Family lore says that Léa, my grandmother, when she turned sixty, sat down and said:
“Now I’m old and I am not going to work any longer”.
My brother, who was born in 1934, remembers how during the war, when the family had to cross the demarcation line which separated the Occupied zone from the Free zone of France, our grandmother said that she was too old to go on, sat down on a tree trunk and said she wouldn’t go any further and that was that. To which my mother got furious and ordered her mother-in-law to get up and walk if she didn’t want to put the whole family in danger.
Mémé, as we called her, died when I was sixteen, and was thought to be around 76 at the time.
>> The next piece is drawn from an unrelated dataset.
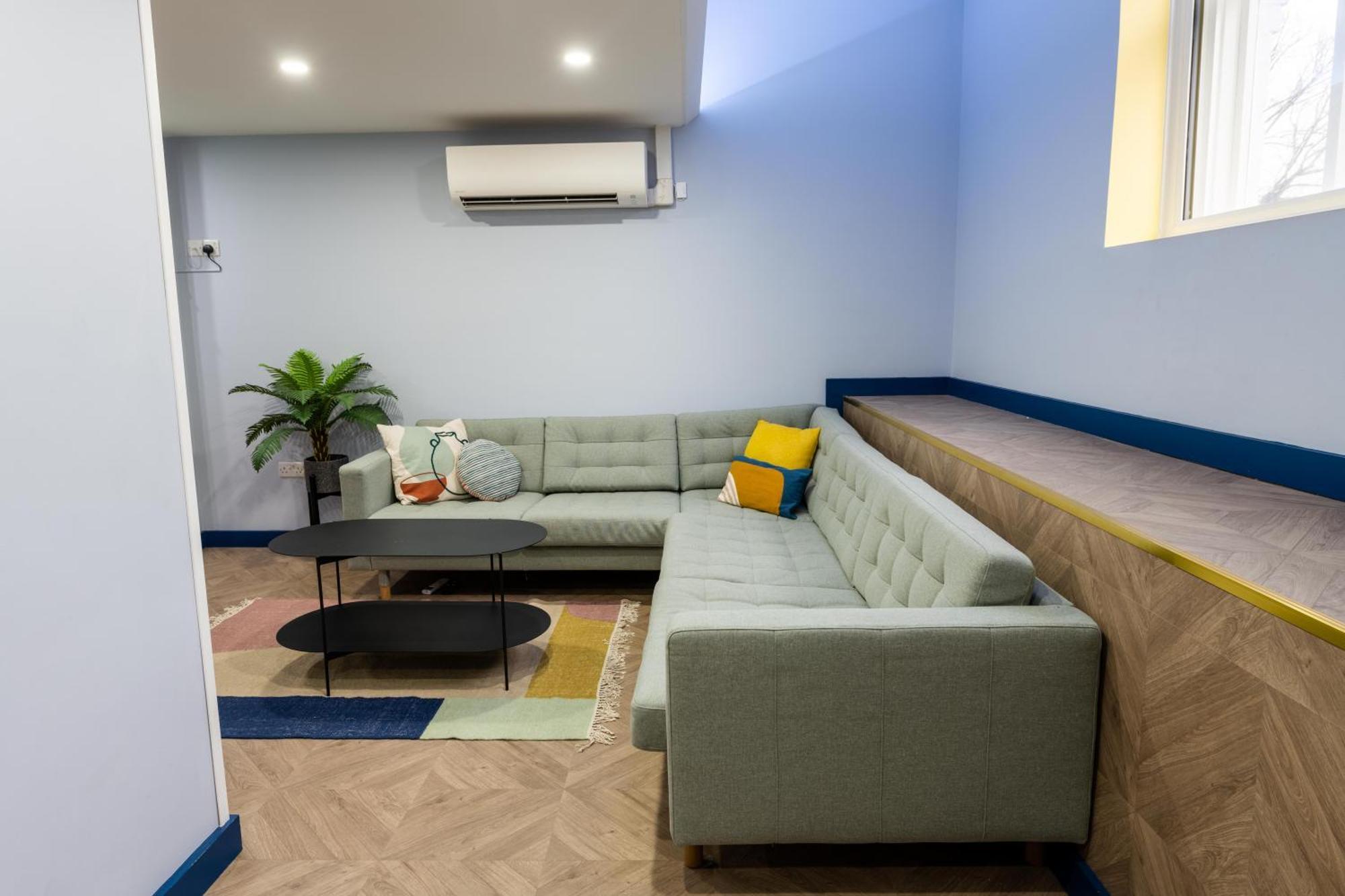 Aaron Wise - 51 Fitzhamon Apartments Кардифф Экстерьер фото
I’m saying ‘was thought’ because the Gregorian calendar used in Bulgaria was not quite the same and the family had no passport or birth certificate with a reliable date.
The photo above was taken in 1947, (I was three), when she was around 63. As far as I remember, I never saw my grandmother wearing shoes, but slippers, or walking, except at home with a cane.
I have images of her with a cigarette or sitting by the window, twiddling her thumbs, playing cards with one of her sons or with me, or playing solitaire.
I loved her dearly, but wouldn’t have chosen her for a role model. As far as I know, she had always been a dependent woman. Dependent on her husband who abandoned her, and later dependent on her children who gave her shelter. She stayed first with her older son, my father, and his wife, later with her daughter Fanny, and finally with her younger son, Victor. Léa wore whatever clothes her children bought her, she went where they took her, she couldn’t read French, and there were no books in Ladino around, so she didn’t read, and I now realise how lonely and depressed she must have felt.
She deserves my thanks. She has taught me the lesson of independence.